Sinirle arkasına bakmadan söylendi.
-Yahu tırtıl kim bakar bu gudubet surata. Korkmayın yani. Sonsuza kadar başınızdayım. Azcık alışın. Kim başına böyle bir bela alabilir ki. Ben olsan bende bulaşmazdım.
Burnunun yanındaki koca et beni neredeyse tüm yüzünü kaplıyordu. Benin üzerindeki o koca kıllara ne demeliydi? Birkaç kez koparmak için yeltenmişti. Yerinden oynamadığı gibi bir hafta kopacak gibi ağrımıştı. Ya kaşları? Atın kuyruğu gibi gözlerini neredeyse kapatıyordu. Parmakları ile sürekli geri itiyordu sanki inat etmişlerdi. Bala'ya savaş açmışlardı. Kolaysa tek tel kopsun. İnatla yerimizden memnunuz kimse bizimle oynayamaz diyorlardı. Kendi de kendini sevmiyordu ki ele ne desin. Ya bıyıkları; O sapsarı saçlarına hiç uymayan koyu kızıl bıyıkları. Ucundan azcık makasla kesmeye izin veriliyordu. Bazen aynanın karşısına geçer sanki etten kemikten miş gibi dalga geçerdi.

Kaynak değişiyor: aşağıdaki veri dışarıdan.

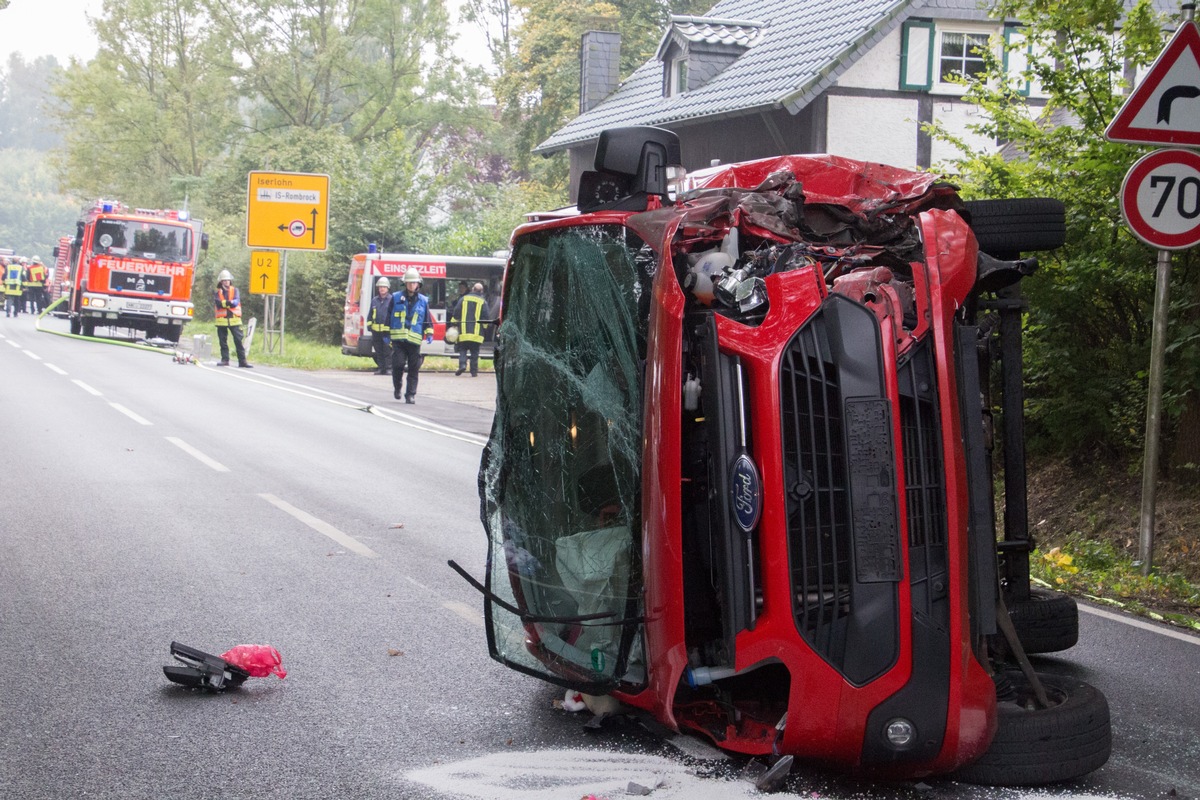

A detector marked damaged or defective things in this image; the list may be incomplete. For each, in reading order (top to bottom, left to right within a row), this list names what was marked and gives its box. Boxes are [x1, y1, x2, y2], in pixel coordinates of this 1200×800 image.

shattered windshield [93, 219, 192, 262]
shattered windshield [477, 221, 652, 690]
overturned red car [463, 128, 1108, 786]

"Ooooo lütfettiniz de acık uncundan verdiniz. Ne olacak şimdi?"
Ertesi gün kestiği yerler sanki iki kat uzuyordu.
-Canımdan bezdim ya canımdan bezdim.
Hiç aynalara bakmayı sevmemişti. Oldum olası kaçmaya çalışmıştı. Ama o hain babası sırf canını yakmak için merdiven boyunca tüm duvarı ayna ile kaplatmıştı. Sanki dost değil düşmandı. Baba değil üvey babaydı. Daha da canı yansın der gibiydi. Bazen o kadar anlamsız bakışlarını yakalıyordu ki, bakışlarındaki sözlerini duyuyordu sürekli.
-Hadi at kendini kuleden. Sende kurtul bizde.
Der gibiydi. Ama Bala'da bu şans olduktan sonra o kuleden de atlasa ölmeyeceğine emindi. Kısacası her an canlı her zerresiyle yaşamaya mahkûmdu. Birkaç tane daha ben yüzünde ve boynundaydı. Ablaları gibi zarif olamayacaktı. Dört kız kardeşi gerekli izdivaçları yapmışlar sıra kendisinden bir yaş büyük Nur Banu Hatun'a gelmişti, Onunda beylikler arasında Han'ının direktifi ile sözleri kesilmişti. Kızların babalarının sözlerinden çıkması imkânsız olduğu gibi Ak Noyan'ın da Han'ın emrinden çıkması mümkün değildi. Kızlar Han'ın istediği beyliklerde gelin gitmişlerdi. Şimdi sırada Bala vardı. Sinirle burnundan soludu.
-Nefret ediyorum nefret.
Koridordan geçerken salonun kapısı hızla açıldı. Babası olanca heybeti ile odadan çıkıp tam önünde durdu.
-Bana bak bakalım sevimsiz. Bıktım artık senden.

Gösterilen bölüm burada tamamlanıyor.